Не случайна и особая экспрессивность в неприятии традиции. Характерно признание Бонтемпелли: «Хотел бы я знать имя того горемыки, который … первым бросил клич «возродим традицию»… Его надо было немедленно схватить, высечь при всем народе да вздернуть без суда и следствия» (180). Подсознательно деятели авангарда, [179] по-видимому, понимают, что явно проигрывают большинству подвергаемым ими обструкции художникам в эстетической одаренности. Традиционное «поэтическое состязание» — как раз за Алтарем Искусства — для них неприемлемо, ведь это состязание талантов. За истеричностью и скандальностью их заявлений зачастую скрывается глубокая человеческая обида — обида на Бога, который несправедливо обделил их поэтическим даром, данным другим. Авангард — это культура аутсайдеров, культура маргиналов, не выдержавших традиционный (что поделаешь!) тест на одаренность. Как сравнительно недавно заметил Лев Лосев: «После многих лет приглядывания к литературному авангарду я понял его главный секрет: авангардисты — это те, кто не умеет писать интересно. Чуя за собой этот недостаток и понимая, что никакими манифестами и теоретизированиями читателя, которому скучно, не заставишь поверить, что ему интересно, авангардисты прибегают к трюкам» (6).

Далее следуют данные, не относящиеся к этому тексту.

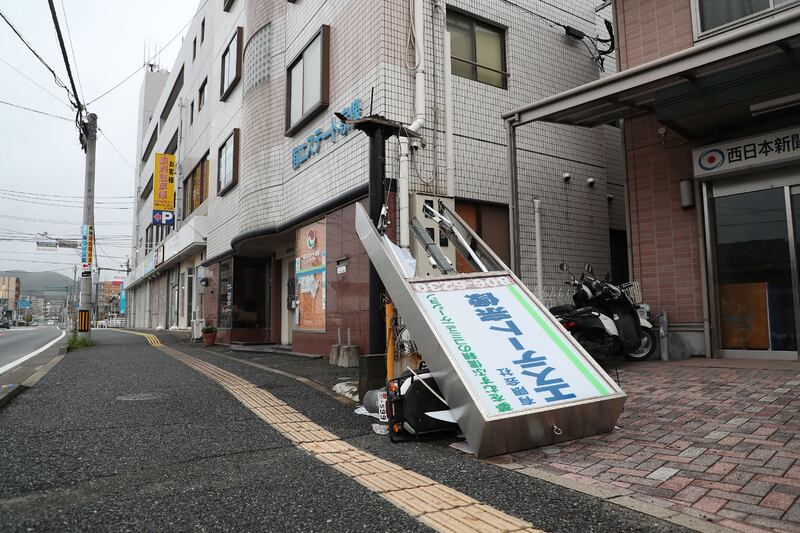 A signboard toppled on to a scooter  in south-western Japan. AFP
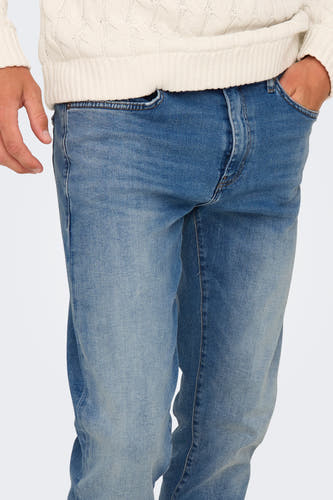 Lichtblauwe straight jeans van ONLY & SONS®, met hand in de zak, gedragen met een witte kabeltrui.
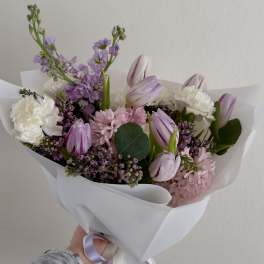 Handheld bouquet of pink and white flowers wrapped in white paper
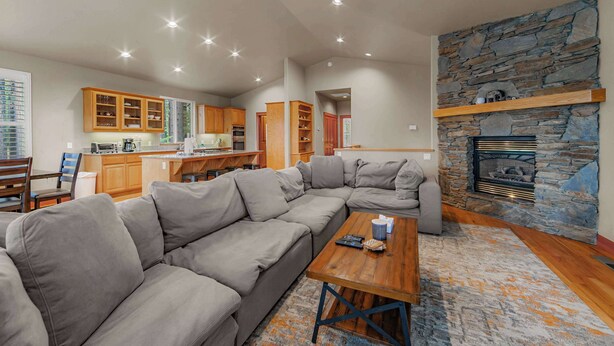 A modern living room with a sectional sofa, a fireplace, and a kitchen in the background. - Thunderbird Nest Hot Tub EV charger (South Lake Tahoe)
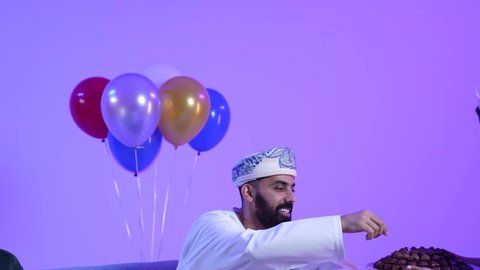 ارتداء الأزياء العمانية التقليدية،جو البهجة والفرح والزينة، توزيع الحلويات الشعبية في الأعياد، طقوس الاحتفالات والمناسبات السعيدة في سلطنة عمان، تصوير لعائلة عربية خليجية عمانية تحتفل بالعيد المبارك، مفهوم الكرم وتقديم الضيافة العربية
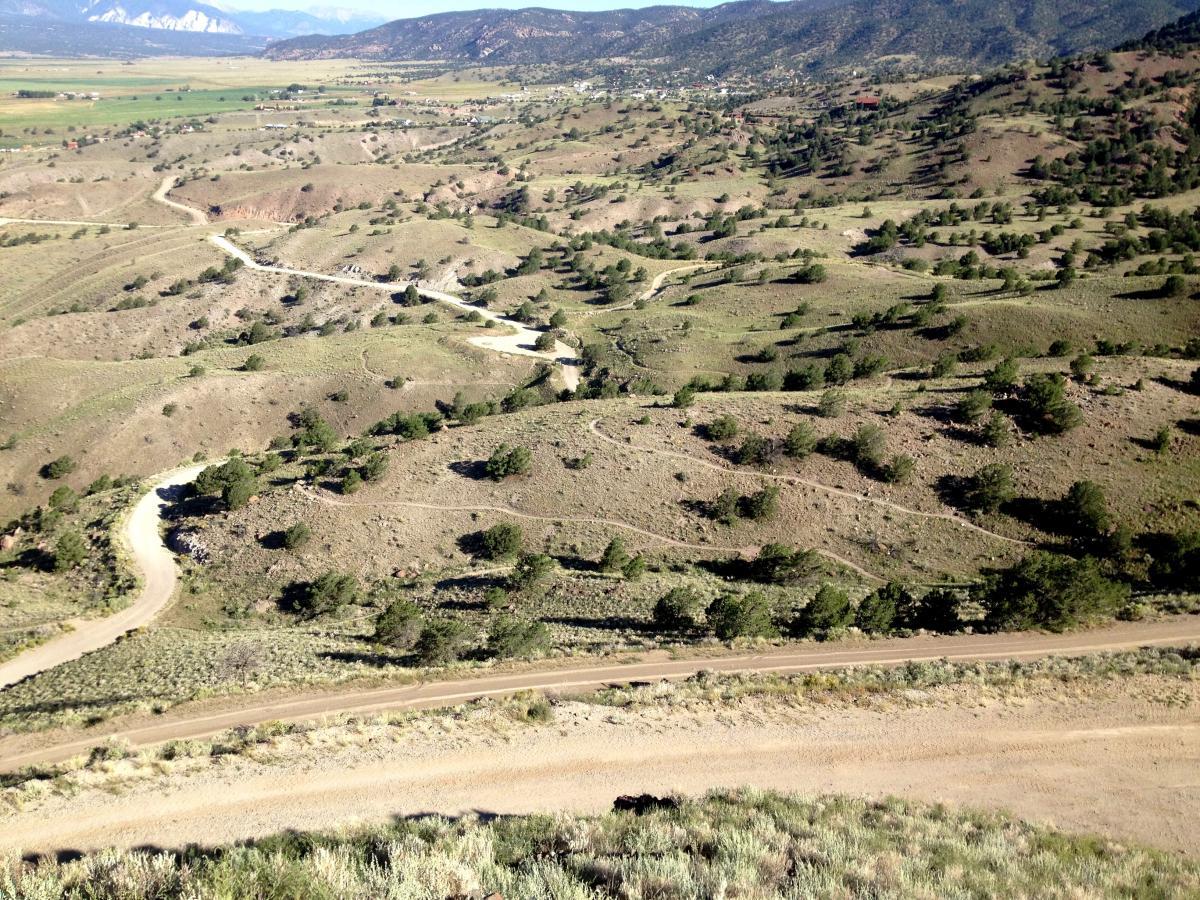 Aerial view of a rugged, hilly landscape with winding dirt roads, sparse vegetation, and scattered trees. In the distance, mountains and a valley can be seen under a clear blue sky. Arkansas Hills mountain bike trail.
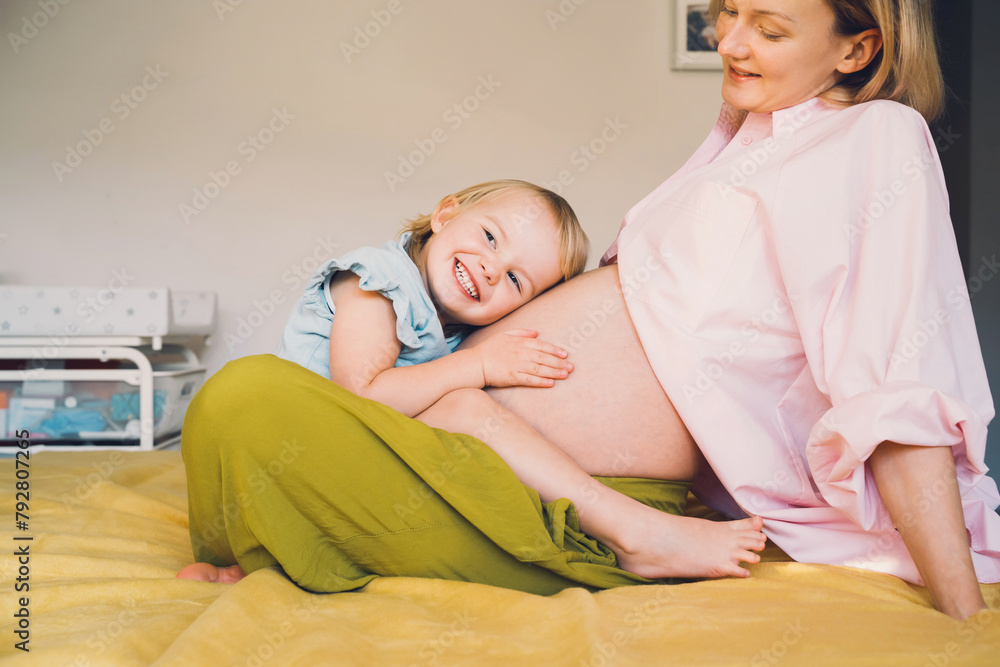 Pregnant mother and daughter together at home. Woman with her first child during second pregnancy. Motherhood and parenting concept. Toddler smiling girl and mom. Happy family expecting for new baby. Pregnant mother and daughter together at home. Woman with her first child during second pregnancy. Motherhood and parenting concept. Toddler smiling girl and mom. Happy family expecting for new baby.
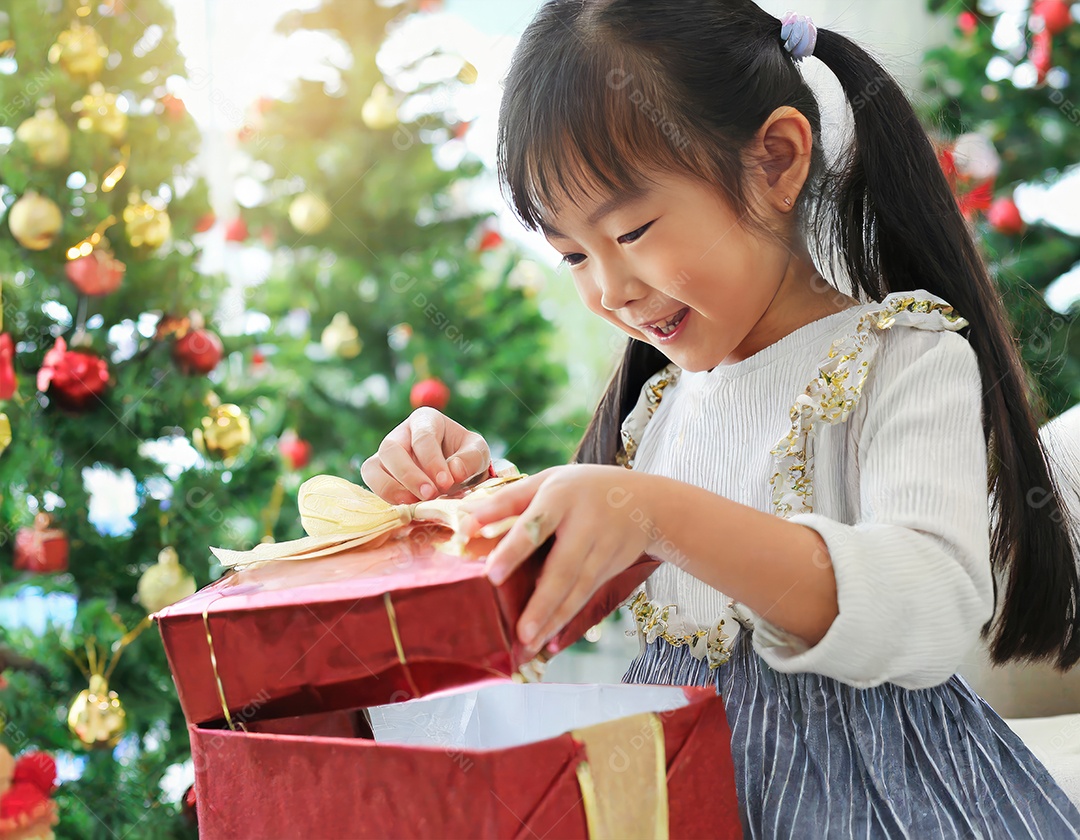 Criança asiática feliz desembrulhando um presente no natal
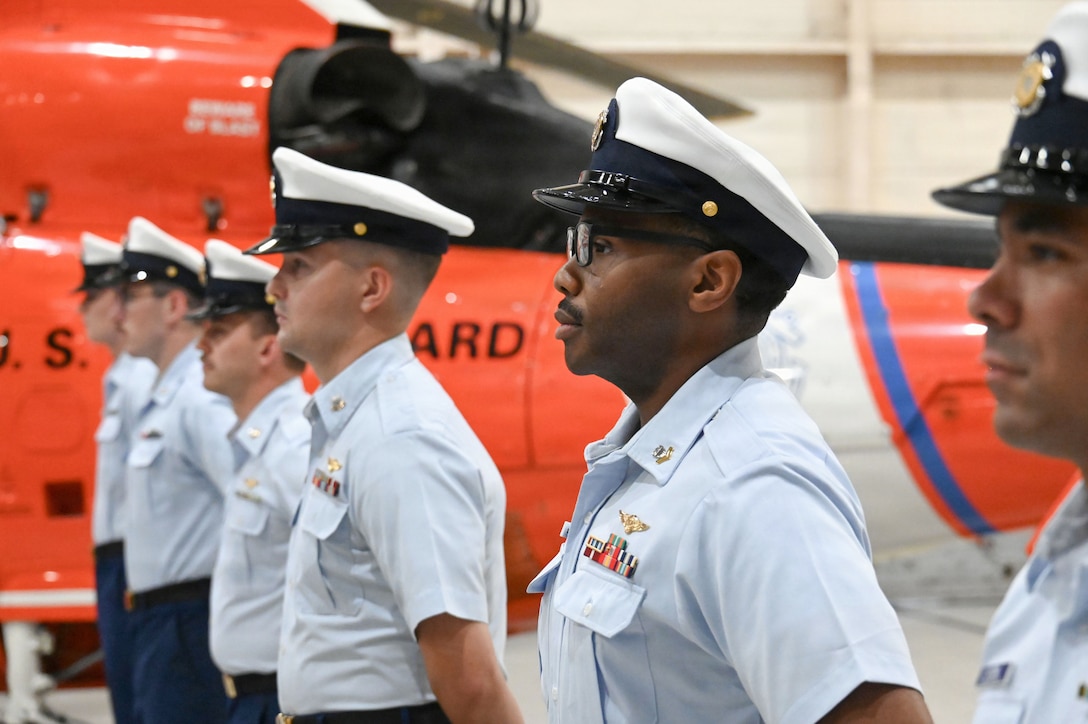 Coast Guard Air Station Savannah crew members stand in formation during a change-of-command ceremony in Savannah, Georgia, July 31, 2026. The change-of-command ceremony marks a transfer of total responsibility and authority from one individual to another. (U.S. Coast Guard photo by Petty Officer 1st Class Brandon Hillard)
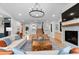 Bright and modern living room with hardwood floors, fireplace, and open layout at 501 Lois Dr, Louisville, CO 80027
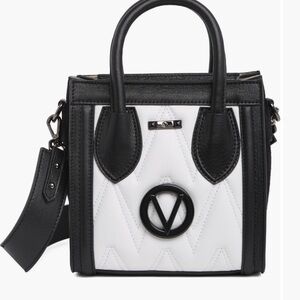 Color blocking, top-handle bag from quilted Italian leather. 8"W x 8"Hx 6"D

Глава «новечентизма», указывая на принципиальное отличие авангарда от традиционного искусства, четко очерчивает контуры того прошлого, которое, как он полагает, сгорело «в пламени огромного предвоенного костра» (173). Это эпоха «от Христа до Русского Балета» (173), ибо завершается «поэзия, берущая начало с Нагорной проповеди» (173). Однако Бонтемпелли слишком неточно определяет эпоху как «романтическую». Гораздо точнее было бы говорить об эпохе христианской культуры. По крайней мере заявление вождя итальянского футуризма — «Мы подготовим появление механического человека в комплекте с запчастями (подчеркнуто автором. — И. Е.). Мы освободим человека от мысли о смерти» (168) — в самом деле знаменует собой рождение культуры, не имеющей и не желающей иметь с христианством ничего общего. «Авангардизм разрушает прошлое» (227), — авторитетно свидетельствует Умберто Эко. Однако, анализируя как теорию, так и художественную практику авангарда, приходишь к выводу, что «прошлое» здесь — это именно христианское прошлое (в данном случае лишь не манифестируемое); «традиция» — это христианская традиция; а проклятие, адресованное «нелепым «высшим ценностям»» (243), — это проклятие как раз христианским ценностям.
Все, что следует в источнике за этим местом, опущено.